Patrice Geoffron : “L’Union européenne ne peut plus faire confiance à la Russie”

Lors de la table ronde “Sanctionner l’économie d’un pays : une solution ?”, Patrice Geoffroy professeur d’économie à l’université Paris-Dauphine est revenu sur les sanctions prises par l’UE à l’encontre de la Russie. Il a questionné leur efficacité et rappelé l’importance d’une plus grande diversité dans l’approvisionnement en gaz des 27.

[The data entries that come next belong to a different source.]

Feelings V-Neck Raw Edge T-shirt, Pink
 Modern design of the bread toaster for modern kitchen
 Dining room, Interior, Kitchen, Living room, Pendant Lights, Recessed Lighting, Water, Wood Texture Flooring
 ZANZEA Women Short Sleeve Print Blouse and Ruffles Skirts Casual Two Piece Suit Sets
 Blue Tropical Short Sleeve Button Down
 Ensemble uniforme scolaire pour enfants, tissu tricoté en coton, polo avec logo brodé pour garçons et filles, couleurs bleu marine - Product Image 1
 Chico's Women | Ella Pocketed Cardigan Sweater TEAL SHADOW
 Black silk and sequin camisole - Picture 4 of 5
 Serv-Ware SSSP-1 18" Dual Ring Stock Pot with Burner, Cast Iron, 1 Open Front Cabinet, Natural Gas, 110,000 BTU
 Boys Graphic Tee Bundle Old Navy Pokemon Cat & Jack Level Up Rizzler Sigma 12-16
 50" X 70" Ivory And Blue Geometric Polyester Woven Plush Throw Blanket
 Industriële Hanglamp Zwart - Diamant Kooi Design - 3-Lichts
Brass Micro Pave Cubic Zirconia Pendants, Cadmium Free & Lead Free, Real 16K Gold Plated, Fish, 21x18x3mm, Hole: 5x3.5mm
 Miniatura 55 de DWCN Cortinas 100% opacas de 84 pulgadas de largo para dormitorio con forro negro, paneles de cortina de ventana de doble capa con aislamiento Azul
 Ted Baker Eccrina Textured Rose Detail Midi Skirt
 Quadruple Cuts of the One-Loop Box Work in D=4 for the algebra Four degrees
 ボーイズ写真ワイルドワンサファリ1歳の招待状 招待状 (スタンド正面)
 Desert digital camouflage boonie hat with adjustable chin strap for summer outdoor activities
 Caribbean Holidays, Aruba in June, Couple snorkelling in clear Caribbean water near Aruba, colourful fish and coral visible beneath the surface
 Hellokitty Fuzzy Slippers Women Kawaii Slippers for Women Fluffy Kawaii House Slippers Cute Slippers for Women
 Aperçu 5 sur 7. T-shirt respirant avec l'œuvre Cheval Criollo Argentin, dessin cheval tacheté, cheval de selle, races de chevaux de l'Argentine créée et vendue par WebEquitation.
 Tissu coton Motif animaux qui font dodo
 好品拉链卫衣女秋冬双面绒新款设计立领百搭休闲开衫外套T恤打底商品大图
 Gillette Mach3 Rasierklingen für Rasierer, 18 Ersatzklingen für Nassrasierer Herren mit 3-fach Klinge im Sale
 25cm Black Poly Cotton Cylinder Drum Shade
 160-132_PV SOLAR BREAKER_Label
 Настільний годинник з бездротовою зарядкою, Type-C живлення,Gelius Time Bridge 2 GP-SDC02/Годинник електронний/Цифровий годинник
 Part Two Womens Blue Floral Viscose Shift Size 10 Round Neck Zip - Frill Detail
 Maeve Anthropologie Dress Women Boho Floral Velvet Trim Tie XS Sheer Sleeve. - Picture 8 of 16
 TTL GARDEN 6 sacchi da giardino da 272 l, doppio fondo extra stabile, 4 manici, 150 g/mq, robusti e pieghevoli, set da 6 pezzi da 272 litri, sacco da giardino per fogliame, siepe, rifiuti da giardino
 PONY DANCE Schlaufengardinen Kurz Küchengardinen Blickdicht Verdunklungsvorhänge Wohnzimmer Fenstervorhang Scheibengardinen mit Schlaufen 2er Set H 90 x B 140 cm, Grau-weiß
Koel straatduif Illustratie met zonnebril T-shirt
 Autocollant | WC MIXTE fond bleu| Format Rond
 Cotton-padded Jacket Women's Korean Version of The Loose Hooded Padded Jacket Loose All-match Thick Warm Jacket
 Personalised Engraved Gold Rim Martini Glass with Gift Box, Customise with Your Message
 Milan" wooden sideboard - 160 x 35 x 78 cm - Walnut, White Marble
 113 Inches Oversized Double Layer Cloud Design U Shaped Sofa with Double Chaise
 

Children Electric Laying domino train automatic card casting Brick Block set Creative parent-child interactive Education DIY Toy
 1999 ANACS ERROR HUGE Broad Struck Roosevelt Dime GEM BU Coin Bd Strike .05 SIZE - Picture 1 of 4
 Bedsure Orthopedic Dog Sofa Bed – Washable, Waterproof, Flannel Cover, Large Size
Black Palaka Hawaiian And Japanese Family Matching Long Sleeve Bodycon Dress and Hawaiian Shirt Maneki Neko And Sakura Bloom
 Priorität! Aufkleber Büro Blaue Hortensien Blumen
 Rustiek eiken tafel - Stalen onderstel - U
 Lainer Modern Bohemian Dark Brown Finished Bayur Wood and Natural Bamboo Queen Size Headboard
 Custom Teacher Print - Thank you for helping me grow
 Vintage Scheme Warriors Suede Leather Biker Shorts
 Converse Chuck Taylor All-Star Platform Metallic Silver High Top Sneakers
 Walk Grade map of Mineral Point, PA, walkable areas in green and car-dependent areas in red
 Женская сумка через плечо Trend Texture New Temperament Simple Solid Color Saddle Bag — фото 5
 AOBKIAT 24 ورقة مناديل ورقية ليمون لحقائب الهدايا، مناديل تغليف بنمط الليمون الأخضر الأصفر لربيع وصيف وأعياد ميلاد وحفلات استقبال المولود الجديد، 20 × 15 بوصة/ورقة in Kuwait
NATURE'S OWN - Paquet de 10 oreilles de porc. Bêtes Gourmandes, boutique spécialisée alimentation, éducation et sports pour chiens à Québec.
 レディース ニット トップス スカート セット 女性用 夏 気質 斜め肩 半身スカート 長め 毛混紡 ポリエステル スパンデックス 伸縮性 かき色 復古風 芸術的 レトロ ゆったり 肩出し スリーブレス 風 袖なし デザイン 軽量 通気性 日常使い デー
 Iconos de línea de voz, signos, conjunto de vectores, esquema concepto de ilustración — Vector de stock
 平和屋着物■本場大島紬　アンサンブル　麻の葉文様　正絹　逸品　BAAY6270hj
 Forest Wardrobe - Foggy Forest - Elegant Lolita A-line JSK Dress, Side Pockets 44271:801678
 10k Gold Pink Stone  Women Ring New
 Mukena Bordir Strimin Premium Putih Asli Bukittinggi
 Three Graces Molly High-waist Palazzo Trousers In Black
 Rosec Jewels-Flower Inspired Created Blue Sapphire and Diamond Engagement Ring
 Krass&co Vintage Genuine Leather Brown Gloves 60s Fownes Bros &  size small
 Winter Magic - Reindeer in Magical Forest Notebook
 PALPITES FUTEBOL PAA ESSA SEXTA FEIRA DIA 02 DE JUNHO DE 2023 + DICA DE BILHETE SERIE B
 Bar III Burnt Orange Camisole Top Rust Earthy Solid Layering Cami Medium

Qui, de la Russie ou de l’Europe, va remporter la guerre économique et énergétique ? Depuis le début de l’invasion de l’Ukraine, en février, le gaz russe est un des enjeux majeurs de la bataille entre Moscou et la plupart des États membres de l’Union européenne. Pour Patrice Geoffron, c’est une situation inédite : « C’est la première fois qu’un conflit majeur crée des irréversibilités avec le leader mondial du gaz naturel. Pendant la guerre froide, le gaz continuait d’être distribué. Aujourd’hui ce n’est plus le cas. »

Six mois après le début de l’invasion, 1,7 milliard d’euros ont été gelés. Mais ces sanctions sont très coûteuses à mettre en place et posent « un problème de cohérence dans leur application ». L’expert rappelle que 90% du gel des avoirs russes est réalisé par seulement six États membres. “Il faut interroger l’efficacité relative de ces amendements et réfléchir à l’équilibre entre sanctions et contre-sanctions.” Si jusqu’ici Moscou a pu contourner la législation, Pascal Geoffron l’assure : “l’embargo sur le pétrole brut, qui commencera en décembre, aura des conséquences majeures sur l’économie russe”.

Diversifier l’approvisionnement en gaz

Le conflit actuel a également mis en avant la nécessité pour l’Europe de s’approvisionner en gaz dans d’autres pays. “Nous sommes en train d’inventer la boîte à outils nécessaire pour parvenir à un équilibre dans lequel l’Europe continue d’être alimentée, même si le gaz russe est toujours vendu moins cher que les cours du marché mondial ”. Pour réduire leur dépendance au gaz russe, les 27 se sont notamment déjà tournés vers les États-Unis. L’Amérique, d’ailleurs, surfe sur la situation : ses exportations mondiales de gaz naturel liquéfié vers l’Europe ont augmenté de 75% en glissement annuel, en août 2022. “Avec Joe Biden, on ne se pose pas de question. Mais si Donald Trump et les Républicains revenaient au pouvoir, on ne recevrait pas autant de GNL, prévient l’économiste. Cette période doit nous convaincre d’accélérer la transition énergétique de l’UE et assurer une décarbonation globale. » Car c’est aussi la question d’un nouvel ordre économique mondial qui se pose. “Peu importe l’issue de la guerre, la Russie ne pourra plus être un partenaire économique fiable. L’Union européenne ne peut plus faire confiance à la Russie”, martèle Pascal Geoffron.